Opinião

A força das mulheres é um instrumento essencial para as polícias

Autor

  • Guilherme Roedel Fernandez Silva

    é mestre em Sociedade Ambiente e Território pela UFMG/Unimontes professor efetivo de Processo Penal na Universidade Estadual de Montes Claros e promotor de Justiça na comarca de Montes Claros (MG).

29 de junho de 2020, 6h04

Os protestos contra o racismo nos Estados Unidos, que reverberaram ao redor do globo, desencadeando manifestações por igualdade racial e de gênero em diferentes países, escancararam ainda mais a violência policial naquele país, paradigma para a atuação de muitas polícias brasileiras [1]. Ao vídeo do policial branco ajoelhado sobre o pescoço de George Floyd, que agonizou até a morte enquanto suplicava "I can’t breath", somaram-se vários outros, como o do policial empurrando violentamente um idoso de 75 anos que caiu ao chão inconsciente [2], o da mulher branca, que, após se desvencilhar de um policial e ficar parada, é alvo de disparos de arma não letal e em seguida é violentamente agredida com uso de cassetetes [3], além daquele em que uma viatura avança sobre manifestantes deixando vários feridos [4].

Emblemático é o vídeo em que uma policial negra repreende vigorosamente o policial branco que, covardemente, acabara de agredir mulher negra que estava à sua frente, ajoelhada e com as mãos para o alto [5]. A cena, ao evidenciar o tratamento distinto dado à manifestante por parte de duas autoridades de gêneros diferentes, reforça a importância da presença de mais mulheres nos cargos de poder. Não apenas no Judicário, no Executivo e no Legislativo, mas também nas forças militares. Para isso, não deveria ser necessário sequer mudanças legislativas, vez que a Constituição e os tratados internacionais de direitos humanos já pregam o fim da discriminação de gênero na esfera trabalhista.

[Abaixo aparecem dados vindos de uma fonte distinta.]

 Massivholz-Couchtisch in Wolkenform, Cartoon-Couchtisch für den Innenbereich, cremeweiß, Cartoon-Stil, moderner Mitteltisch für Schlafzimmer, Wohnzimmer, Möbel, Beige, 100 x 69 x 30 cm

A Convenção sobre a Eliminação de Todas as Formas de Discriminação contra a Mulher (CEDAW), tratado internacional aprovado pela Assembleia Geral das Nações Unidas em 1979, estabelece no artigo 11 que "os Estados-Partes adotarão todas as medidas apropriadas para eliminar a discriminação contra a mulher na esfera do emprego a fim de assegurar, em condições de igualdade entre homens e mulheres, os mesmos direitos, em particular: b) o direito às mesmas oportunidades de emprego, inclusive a aplicação dos mesmos critérios de seleção em questões de emprego".

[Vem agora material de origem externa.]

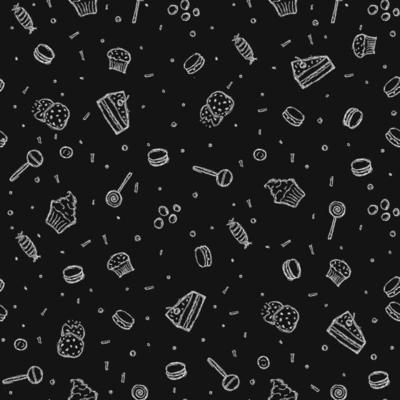 Seamless candy pattern. Sweets and candy background. Doodle vector illustration with sweets and candy icons
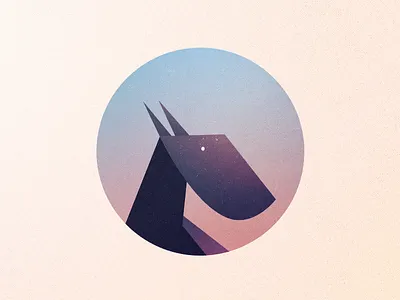 Sundown animal avatar character circle gradient illustration minimal shape texture villain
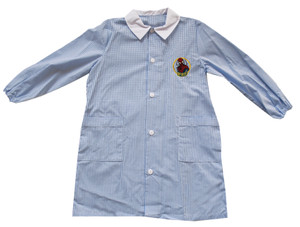 Grembiule Asilo Bambino 4 Anni Vichy Azzurro Ricamo Spiderman - Foto 1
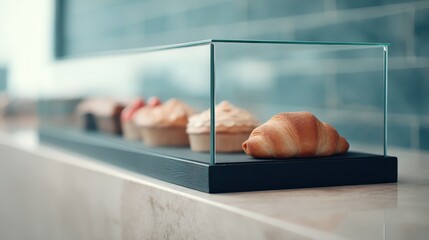 Beautiful glass display case featuring a delicious croissant highlighting the craftsmanship and artistry of bakery creations in a cozy setting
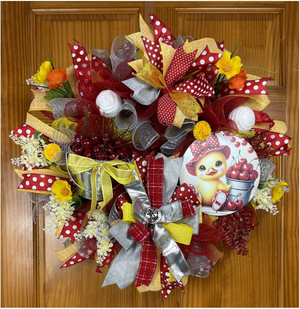 Cherry and duckling summer wreath detail, view 5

A Convenção Interamericana para Prevenir, Punir e Erradicar Todas as Formas de Violência Contra a Mulher, conhecida como Convenção de Belém do Pará, de 1994, esclarece no artigo 4º que "toda mulher tem direito ao reconhecimento, gozo, exercícios e proteção de todos os direitos humanos e às liberdades consagradas pelos instrumentos regionais e internacionais sobre Direitos Humanos, que compreendem, entre outros, h) o direito de ter igualdade de acesso às funções públicas de seu país e a participar nos assuntos públicos, incluindo a tomada de decisões".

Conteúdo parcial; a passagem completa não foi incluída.